Il procuratore generale del Texas Ken Paxton ha intentato una causa contro Debra Lynch, un’infermiera che gestisce il servizio di telemedicina Her Safe Harbor nel Delaware, accusandola di aver spedito illegalmente pillole abortive ai residenti del Texas. Questa azione legale rappresenta una tendenza crescente di stati con leggi restrittive sull’aborto rivolte ai professionisti medici negli stati in cui l’aborto rimane legale.
Il nocciolo della controversia
La causa sostiene che Lynch ha violato il divieto di aborto del Texas prescrivendo e spedendo pillole abortive attraverso i confini di stato. Paxton, in una dichiarazione dalle parole forti, ha descritto Lynch come un “trafficante di droga abortiva” e ha promesso di impedire a chiunque di contribuire a quello che ha definito “l’omicidio di bambini non ancora nati” all’interno dei confini del Texas.
Lynch ha risposto con aria di sfida, affermando che la sua organizzazione continuerà a fornire accesso alle pillole abortive nonostante le sfide legali. Ha citato le conseguenze dannose delle restrizioni all’aborto, tra cui la morte materna, i bambini orfani e le gravi conseguenze sulla salute infantile, come giustificazione del suo lavoro.

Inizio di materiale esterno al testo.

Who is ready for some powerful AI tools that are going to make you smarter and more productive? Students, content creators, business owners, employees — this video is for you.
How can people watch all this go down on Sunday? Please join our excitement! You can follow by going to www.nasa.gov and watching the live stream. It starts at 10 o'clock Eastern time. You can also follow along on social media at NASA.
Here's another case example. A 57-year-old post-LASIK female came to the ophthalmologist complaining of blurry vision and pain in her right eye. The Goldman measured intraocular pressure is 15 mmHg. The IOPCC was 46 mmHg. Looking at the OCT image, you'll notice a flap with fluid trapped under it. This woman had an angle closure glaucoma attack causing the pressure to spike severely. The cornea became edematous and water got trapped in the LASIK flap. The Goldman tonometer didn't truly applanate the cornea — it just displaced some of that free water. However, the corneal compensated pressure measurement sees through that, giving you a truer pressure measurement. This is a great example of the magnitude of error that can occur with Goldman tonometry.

Un conflitto legale tra Stato e Stato
Questo caso fa parte di un conflitto più ampio e crescente tra gli stati sull’accesso all’aborto da quando la Corte Suprema degli Stati Uniti ha annullato Roe v. Wade nel 2022. La questione centrale è se gli stati debbano riconoscere le reciproche leggi sull’aborto, un dibattito legale che gli esperti prevedono si trasformerà in una resa dei conti costituzionale, raggiungendo potenzialmente la Corte Suprema.

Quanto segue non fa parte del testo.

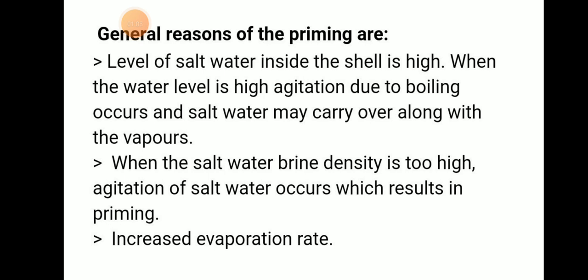When the salt water brine density is too high, agitation of salt water occurs which results in priming, or when there is an increased evaporation rate. These are the reasons for the priming of a fresh water generator.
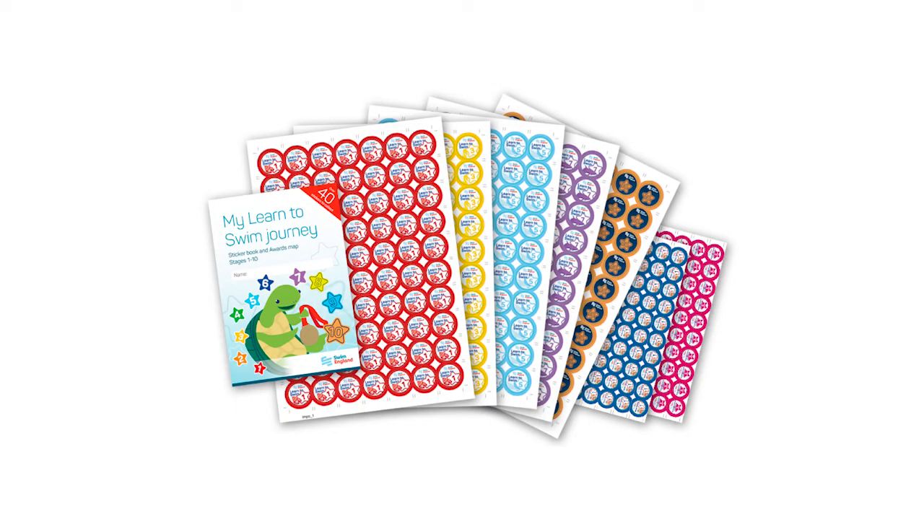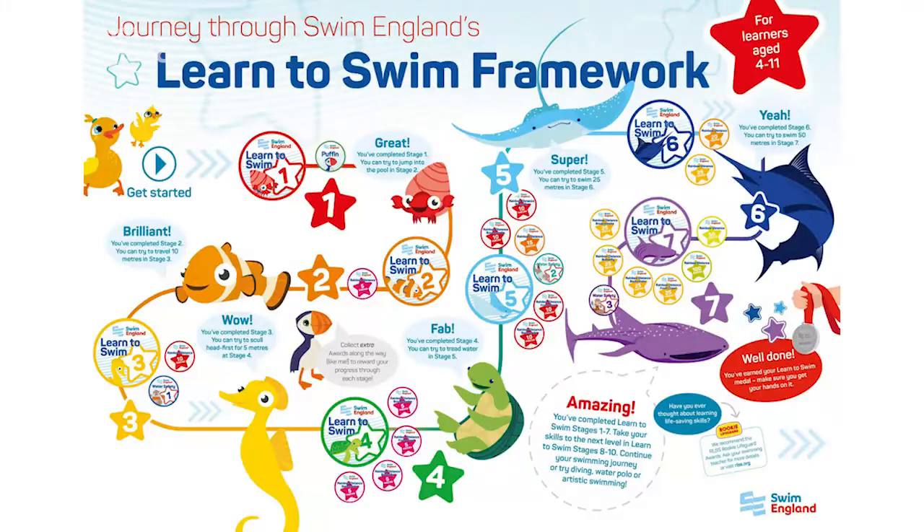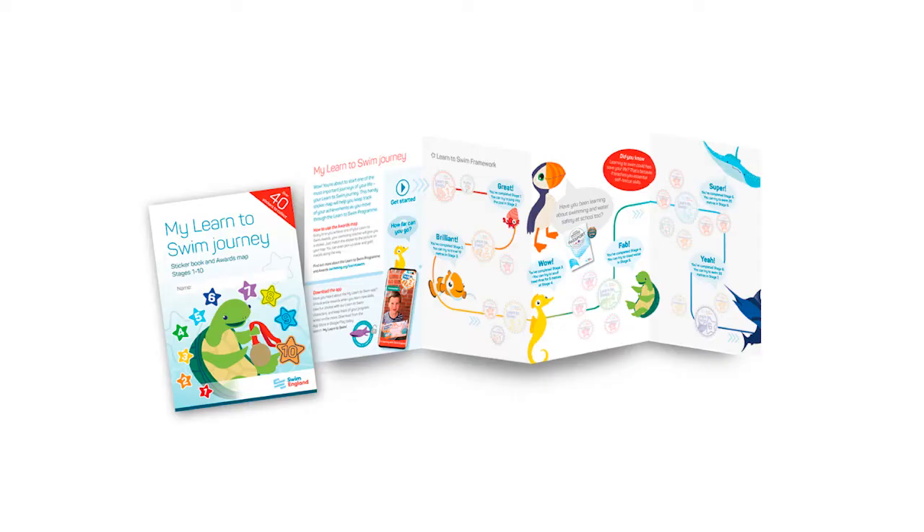The second is the Learn to Swim progress pack. It has space for over 40 course and complementary award stickers, clearly mapping out the awards journey through our programme from stages one through to stage seven of the Learn to Swim framework to stage ten of the Aquatic Skills framework. With a compact fold-out design, the sticker book is perfect for parents to put on the fridge or store safely in their household.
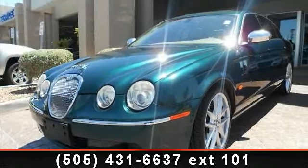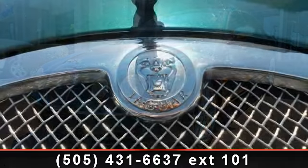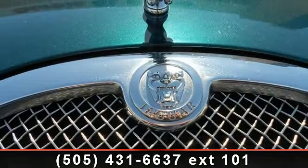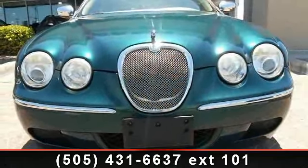Presenting the 2008 Jaguar S Type 3.0. Don't miss this great deal on a luxury vehicle. This vehicle comes with a reliable six-cylinder engine connected to a smooth-shifting automatic transmission.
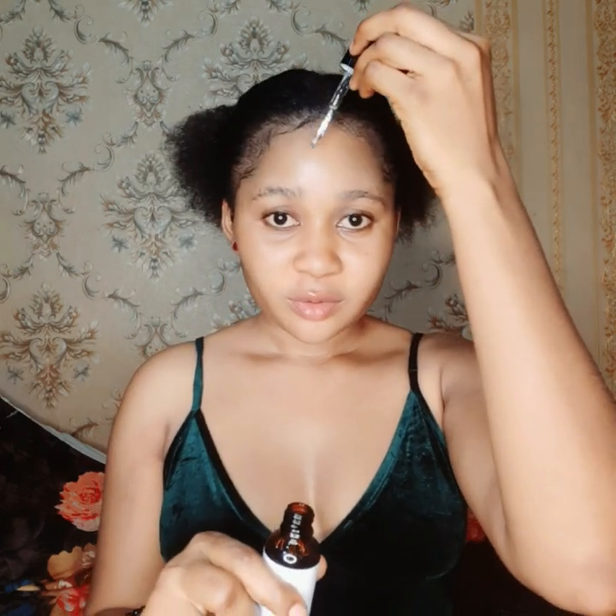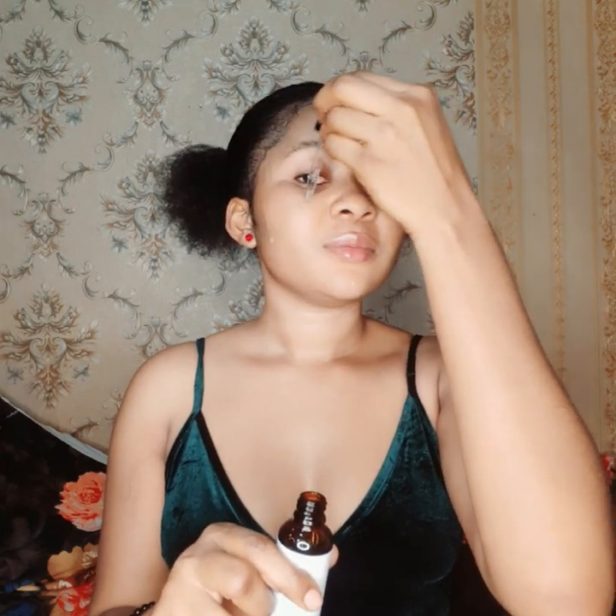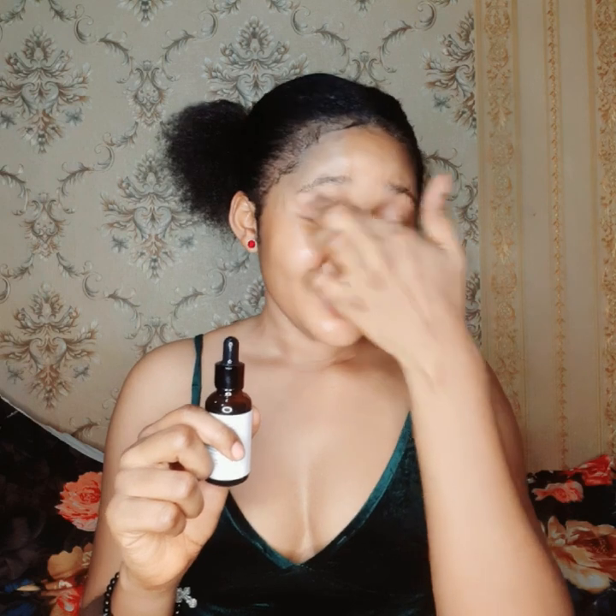If you don't know how to apply vitamin C serum, this is how: you open it up — it has a pump — press and put it on your face. I put it on my forehead, cheeks, and around the face, then massage it gently. I prefer using this vitamin C serum only at night. You can also massage it around your eye area — if you have sunburn, dark eye circles, pimples, or dark spots, just massage it generously on those areas.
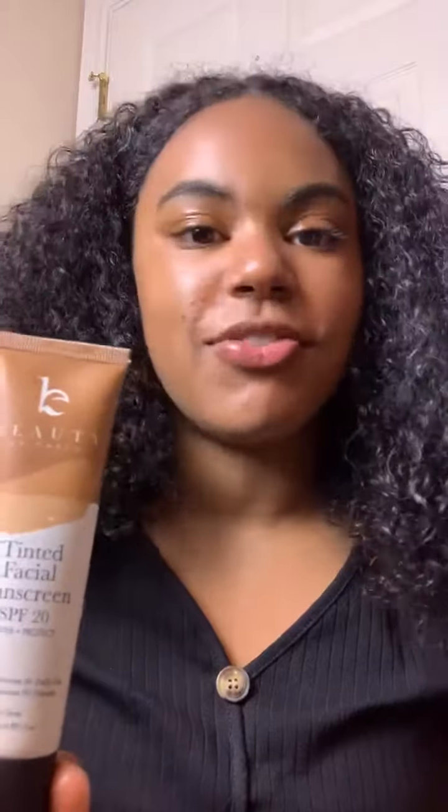That looks amazing. Oh my gosh, I love it. So yes, it's a tinted facial sunscreen. SPF 20, beautiful, safe coverage. Love it.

Attualmente, circa un terzo degli stati americani applicano divieti quasi totali sull’aborto. Al contrario, circa 20 stati hanno promulgato “leggi scudo” progettate per proteggere gli operatori sanitari autorizzati che spediscono farmaci abortivi a pazienti in stati con divieti, bloccando la cooperazione legale interstatale.

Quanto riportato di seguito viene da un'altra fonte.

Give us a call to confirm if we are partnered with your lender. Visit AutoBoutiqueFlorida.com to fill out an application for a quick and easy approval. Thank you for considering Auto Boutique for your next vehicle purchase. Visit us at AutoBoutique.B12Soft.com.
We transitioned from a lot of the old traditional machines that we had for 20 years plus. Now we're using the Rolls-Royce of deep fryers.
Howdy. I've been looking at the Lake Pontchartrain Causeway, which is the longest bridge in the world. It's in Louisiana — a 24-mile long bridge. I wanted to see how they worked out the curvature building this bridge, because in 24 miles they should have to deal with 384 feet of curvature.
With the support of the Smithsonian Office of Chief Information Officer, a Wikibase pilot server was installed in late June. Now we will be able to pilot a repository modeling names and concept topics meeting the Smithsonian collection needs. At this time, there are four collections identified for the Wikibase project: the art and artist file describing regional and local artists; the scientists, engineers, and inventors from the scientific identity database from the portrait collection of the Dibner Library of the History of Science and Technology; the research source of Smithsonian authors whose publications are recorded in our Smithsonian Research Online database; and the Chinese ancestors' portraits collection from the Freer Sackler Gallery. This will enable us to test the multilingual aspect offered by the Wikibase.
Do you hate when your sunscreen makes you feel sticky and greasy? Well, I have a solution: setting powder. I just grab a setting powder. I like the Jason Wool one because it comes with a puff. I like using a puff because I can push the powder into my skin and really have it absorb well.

Cosa significa andare avanti
La causa contro Lynch sottolinea la crescente volontà degli stati di perseguire azioni legali oltre i propri confini nella lotta per l’accesso all’aborto. L’esito di questo caso, e di altri simili, probabilmente modellerà il futuro della regolamentazione interstatale dell’aborto, costringendo i tribunali a determinare i limiti del potere statale in un’America post-Roe. Il conflitto ha sollevato dubbi sulla possibilità che azioni legali vengano perseguite in altri stati con restrizioni simili.